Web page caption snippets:
■ ■ ■ ■ ■

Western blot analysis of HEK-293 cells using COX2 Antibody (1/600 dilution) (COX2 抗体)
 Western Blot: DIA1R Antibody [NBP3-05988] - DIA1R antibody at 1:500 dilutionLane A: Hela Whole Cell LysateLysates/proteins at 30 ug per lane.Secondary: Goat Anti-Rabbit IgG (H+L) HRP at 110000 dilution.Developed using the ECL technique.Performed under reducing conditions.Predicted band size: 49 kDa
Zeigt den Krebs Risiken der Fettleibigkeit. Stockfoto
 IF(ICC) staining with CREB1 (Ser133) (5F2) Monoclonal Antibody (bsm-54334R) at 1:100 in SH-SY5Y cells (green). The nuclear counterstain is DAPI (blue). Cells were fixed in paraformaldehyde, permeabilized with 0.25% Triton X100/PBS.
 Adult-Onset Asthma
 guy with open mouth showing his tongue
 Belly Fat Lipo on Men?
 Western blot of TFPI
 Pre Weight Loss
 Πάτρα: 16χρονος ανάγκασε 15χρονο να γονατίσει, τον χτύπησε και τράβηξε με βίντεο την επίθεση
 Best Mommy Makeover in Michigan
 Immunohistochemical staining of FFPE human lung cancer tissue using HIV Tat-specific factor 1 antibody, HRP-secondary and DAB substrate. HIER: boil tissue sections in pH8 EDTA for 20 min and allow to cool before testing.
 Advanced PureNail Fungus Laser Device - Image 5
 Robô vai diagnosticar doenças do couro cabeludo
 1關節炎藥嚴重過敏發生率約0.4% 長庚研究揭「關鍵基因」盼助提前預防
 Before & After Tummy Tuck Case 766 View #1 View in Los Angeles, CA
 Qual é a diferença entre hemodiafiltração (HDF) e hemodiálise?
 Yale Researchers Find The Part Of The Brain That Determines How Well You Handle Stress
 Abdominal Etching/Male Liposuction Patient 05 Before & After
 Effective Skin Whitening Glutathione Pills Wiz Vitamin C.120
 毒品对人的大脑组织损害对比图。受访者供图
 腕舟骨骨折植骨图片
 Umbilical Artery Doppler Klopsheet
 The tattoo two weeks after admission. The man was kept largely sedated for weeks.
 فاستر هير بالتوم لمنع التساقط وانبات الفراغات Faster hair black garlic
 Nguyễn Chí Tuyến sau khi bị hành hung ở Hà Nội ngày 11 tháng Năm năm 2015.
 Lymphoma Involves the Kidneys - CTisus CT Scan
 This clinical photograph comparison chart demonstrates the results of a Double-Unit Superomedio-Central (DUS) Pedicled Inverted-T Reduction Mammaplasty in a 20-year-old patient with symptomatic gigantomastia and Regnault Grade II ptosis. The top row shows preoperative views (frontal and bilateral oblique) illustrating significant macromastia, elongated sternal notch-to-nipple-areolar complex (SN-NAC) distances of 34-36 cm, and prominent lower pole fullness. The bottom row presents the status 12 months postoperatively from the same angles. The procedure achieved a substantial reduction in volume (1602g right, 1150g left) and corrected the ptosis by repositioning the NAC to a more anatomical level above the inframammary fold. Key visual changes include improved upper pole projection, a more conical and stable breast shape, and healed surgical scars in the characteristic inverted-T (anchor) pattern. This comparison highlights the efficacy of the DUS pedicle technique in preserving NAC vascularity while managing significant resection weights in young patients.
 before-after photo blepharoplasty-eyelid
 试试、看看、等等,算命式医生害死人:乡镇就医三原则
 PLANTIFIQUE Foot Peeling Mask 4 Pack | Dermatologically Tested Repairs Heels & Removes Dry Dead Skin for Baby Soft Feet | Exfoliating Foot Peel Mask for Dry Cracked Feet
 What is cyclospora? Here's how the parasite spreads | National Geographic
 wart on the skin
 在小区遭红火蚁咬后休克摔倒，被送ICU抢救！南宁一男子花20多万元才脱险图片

■ ■ ■ ■ ■

### The task
The response must consist of all the data, reproduced without alteration.

### Result of the task
Western blot analysis of HEK-293 cells using COX2 Antibody (1/600 dilution) (COX2 抗体)
 Western Blot: DIA1R Antibody [NBP3-05988] - DIA1R antibody at 1:500 dilutionLane A: Hela Whole Cell LysateLysates/proteins at 30 ug per lane.Secondary: Goat Anti-Rabbit IgG (H+L) HRP at 110000 dilution.Developed using the ECL technique.Performed under reducing conditions.Predicted band size: 49 kDa
Zeigt den Krebs Risiken der Fettleibigkeit. Stockfoto
 IF(ICC) staining with CREB1 (Ser133) (5F2) Monoclonal Antibody (bsm-54334R) at 1:100 in SH-SY5Y cells (green). The nuclear counterstain is DAPI (blue). Cells were fixed in paraformaldehyde, permeabilized with 0.25% Triton X100/PBS.
 Adult-Onset Asthma
 guy with open mouth showing his tongue
 Belly Fat Lipo on Men?
 Western blot of TFPI
 Pre Weight Loss
 Πάτρα: 16χρονος ανάγκασε 15χρονο να γονατίσει, τον χτύπησε και τράβηξε με βίντεο την επίθεση
 Best Mommy Makeover in Michigan
 Immunohistochemical staining of FFPE human lung cancer tissue using HIV Tat-specific factor 1 antibody, HRP-secondary and DAB substrate. HIER: boil tissue sections in pH8 EDTA for 20 min and allow to cool before testing.
 Advanced PureNail Fungus Laser Device - Image 5
 Robô vai diagnosticar doenças do couro cabeludo
 1關節炎藥嚴重過敏發生率約0.4% 長庚研究揭「關鍵基因」盼助提前預防
 Before & After Tummy Tuck Case 766 View #1 View in Los Angeles, CA
 Qual é a diferença entre hemodiafiltração (HDF) e hemodiálise?
 Yale Researchers Find The Part Of The Brain That Determines How Well You Handle Stress
 Abdominal Etching/Male Liposuction Patient 05 Before & After
 Effective Skin Whitening Glutathione Pills Wiz Vitamin C.120
 毒品对人的大脑组织损害对比图。受访者供图
 腕舟骨骨折植骨图片
 Umbilical Artery Doppler Klopsheet
 The tattoo two weeks after admission. The man was kept largely sedated for weeks.
 فاستر هير بالتوم لمنع التساقط وانبات الفراغات Faster hair black garlic
 Nguyễn Chí Tuyến sau khi bị hành hung ở Hà Nội ngày 11 tháng Năm năm 2015.
 Lymphoma Involves the Kidneys - CTisus CT Scan
 This clinical photograph comparison chart demonstrates the results of a Double-Unit Superomedio-Central (DUS) Pedicled Inverted-T Reduction Mammaplasty in a 20-year-old patient with symptomatic gigantomastia and Regnault Grade II ptosis. The top row shows preoperative views (frontal and bilateral oblique) illustrating significant macromastia, elongated sternal notch-to-nipple-areolar complex (SN-NAC) distances of 34-36 cm, and prominent lower pole fullness. The bottom row presents the status 12 months postoperatively from the same angles. The procedure achieved a substantial reduction in volume (1602g right, 1150g left) and corrected the ptosis by repositioning the NAC to a more anatomical level above the inframammary fold. Key visual changes include improved upper pole projection, a more conical and stable breast shape, and healed surgical scars in the characteristic inverted-T (anchor) pattern. This comparison highlights the efficacy of the DUS pedicle technique in preserving NAC vascularity while managing significant resection weights in young patients.
 before-after photo blepharoplasty-eyelid
 试试、看看、等等,算命式医生害死人:乡镇就医三原则
 PLANTIFIQUE Foot Peeling Mask 4 Pack | Dermatologically Tested Repairs Heels & Removes Dry Dead Skin for Baby Soft Feet | Exfoliating Foot Peel Mask for Dry Cracked Feet
 What is cyclospora? Here's how the parasite spreads | National Geographic
 wart on the skin
 在小区遭红火蚁咬后休克摔倒，被送ICU抢救！南宁一男子花20多万元才脱险图片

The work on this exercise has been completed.